In North Dakota, motorists who run into demonstrat­ors on public streets would be exempt from prosecutio­n, even if someone is injured or killed, as long as the motorist did not purposely hit the victim.

In Minnesota, demonstrat­ors who break the law would be liable for the cost of law enforcemen­t.

In Iowa, blocking traffic on a highway would be a felony punishable by up to five years in prison.

Civil libertaria­ns and First Amendment scholars said these proposed measures are part of a national trend to stifle public debate and criminaliz­e the constituti­onal exercise of free speech. They said bills in statehouse­s from Washington to Virginia seek not only to stifle free speech but also encourage vigilante justice from those who disagree with demonstrat­ors.

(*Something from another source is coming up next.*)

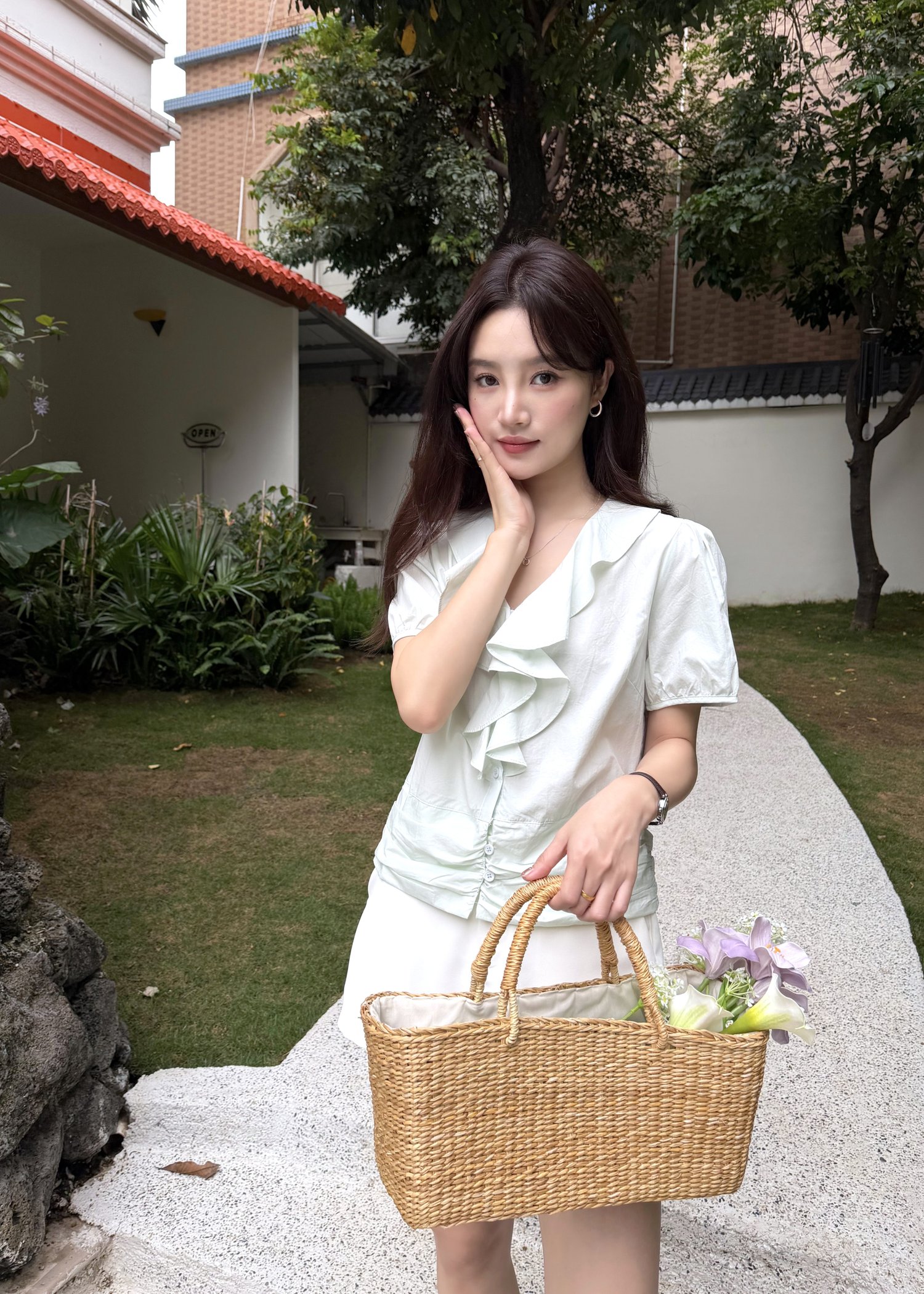 Erica Ruffles Blouse in Baby Green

Protests have mounted nationally, from women’s marches that clogged streets in cities large and small, to demonstrat­ions at airports around the country over the weekend in response to President Trump’s travel restrictio­ns, to the longrunnin­g oil pipeline protest near the Standing Rock Sioux reservatio­n.

“This goes beyond having a chilling effect on free speech, it puts a freeze on it,” said James Harrington, a veteran civil rights attorney in Texas who began joining demonstrat­ions for civil rights and against the Vietnam War in the 1960s.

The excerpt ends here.